Hahaha yeah I know... No cauate pics. It was very dry and pretty hot. I did however manage to find a few caudates, mostly batrachoceps attenuatus... About a dozen of them. I was quite surprised to find an aneides vagrans! These are the coolest salamanders! I'll post some pics of a few sallies just for you John. Any idea when you will be out this way? If I were you, I would plan a trip based on what you want to see most. Hydromantes brunnus is a February find. Hyromantes shastae and sp. Owens valley along with batrachoceps campi and robustus are march/April finds as are many of the southern ensatina. Hydromantes platycephalus is pretty much a summer find aside from one population that is near Owens valley. And everything else is pretty much an April/may find. I vote late April into early may. You will find the most species and you will also get to see many orchid species in bloom. I will show you some pretty cool spots 

Josh

Josh


----------



## alex111683 (Sep 11, 2010)

This is the main area where I grew up. The first 18 years of my life were in the redding area near shasta lake. Now I have been living in humboldt county for 10 years and love it here. The beach is a 10 minute drive and the redwoods are basically our in our back yards.


----------



## josh_r (Feb 4, 2005)

alex111683 said:


> This is the main area where I grew up. The first 18 years of my life were in the redding area near shasta lake. Now I have been living in humboldt county for 10 years and love it here. The beach is a 10 minute drive and the redwoods are basically our in our back yards.

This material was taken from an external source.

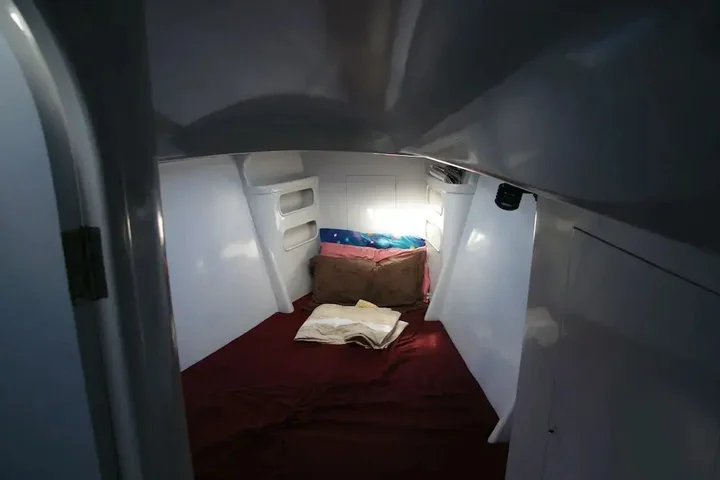 Батам: House Boat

I may have to meet up with you next time I'm in your area. I would love to eventually move to that area.


----------



## johnc (Oct 9, 2009)

josh_r said:


> I'll post some pics of a few sallies just for you John. Any idea when you will be out this way?


Thanks dude. Looking at my schedule it would have to be in the middle of March or after May 15th. We can PM!


----------



## Boondoggle (Dec 9, 2007)

*Re: Norcal trip....Cobra lilies in the wild (Continued)*










No pics of Roosevelt Elk? 

Thanks for the pics! I forget what we have around here. Crazy coincidence, I was camping at Jedediah Smith the same week. Did we have awesome weather or what? I hiked a ton, but all I spotted "herp-wise" were thamnophis. 



josh_r said:


> I frequently made tracks to mt diablo. It is my favorite place in the east bay. There is a lot of cool stuff do be found there. You ever see the mt diablo zonata? That would be a cool find!

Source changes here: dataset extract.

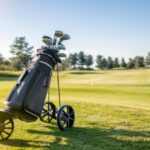 Best Golf Push Cart: Top Picks for 2024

They are up there, but they are hard to find without destroying habitat.


----------



## josh_r (Feb 4, 2005)

*Re: Norcal trip....Cobra lilies in the wild (Continued)*



Boondoggle said:


> No pics of Roosevelt Elk?
> 
> Thanks for the pics! I forget what we have around here. Crazy coincidence, I was camping at Jedediah Smith the same week. Did we have awesome weather or what? I hiked a ton, but all I spotted "herp-wise" were thamnophis.
> 
> ...



Yeah that is the only thing that sucks about zonata hahaha! 

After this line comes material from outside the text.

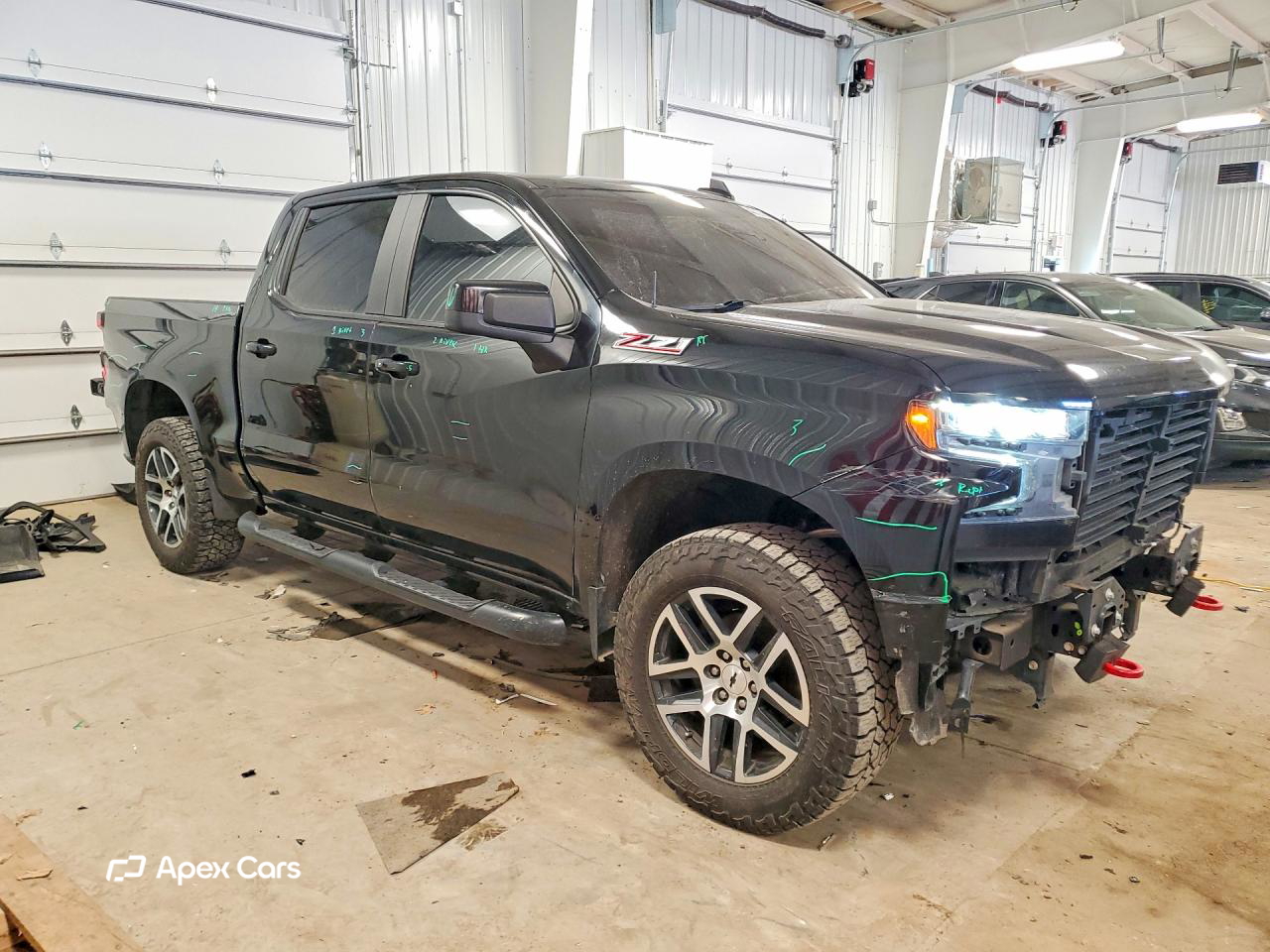 Chevrolet Silverado 2019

What thamnophis did you find? Infernalis?

The weather was amazing! I didnt want to leave at all. Yeah we didnt go down to the area the Roosevelt elk are found in prairie creek. Maybe next time. I gotta get back down there soon. 

Josh


----------



## alex111683 (Sep 11, 2010)

I was in prarie creek redwoods this last weekend as well. Visiting family thought the non mentioned tree was a riot.


josh_r said:


> I may have to meet up with you next time I'm in your area. I would love to eventually move to that area.


----------



## josh_r (Feb 4, 2005)

alex111683 said:


> I was in prarie creek redwoods this last weekend as well. Visiting family thought the non mentioned tree was a riot.


Oh you definitely can't go to prairie creek without visiting the non mentioned tree!! It's worth hours of good laughs!


----------



## flyingSquirrel (Aug 22, 2011)

Man this is awesome! What an incredible set of finds there. I am so jealous!!!


----------



## josh_r (Feb 4, 2005)

flyingSquirrel said:


> Man this is awesome! What an incredible set of finds there. I am so jealous!!!


This very trip is only 7 hours from you


----------



## flyingSquirrel (Aug 22, 2011)

josh_r said:


> This very trip is only 7 hours from you


Nice, I just wish I had the time and money to make the trip happen (Hmmm I think I think I have some paid vacation built up...  )

I will keep this post url so I can review everything and keep it all in my mind


----------



## davidadelp (Sep 29, 2010)

Very nice pics!! What are you shooting with?


----------



## EntoCraig (May 17, 2011)

The only thing I miss about California is the Northern wilderness. Awesome Shots!


----------



## josh_r (Feb 4, 2005)

flyingSquirrel said:


> Nice, I just wish I had the time and money to make the trip happen (Hmmm I think I think I have some paid vacation built up...  )
> 
> I will keep this post url so I can review everything and keep it all in my mind


With a couple people, this trip is fairly cheap. I bet you could pull off going to the dismounts for $100 each with 2 people inthe right car. You need not go any further south than the siskiyous anyway 

David, the pics were taken with a nikon coolpix L110. It's not the greatest camera but it worked. My canon EOS 20D needs amnew lense unfortunately.


----------



## hydrophyte (Jun 5, 2009)

Wow those are wonderful plants and amazing habitat pictures.


----------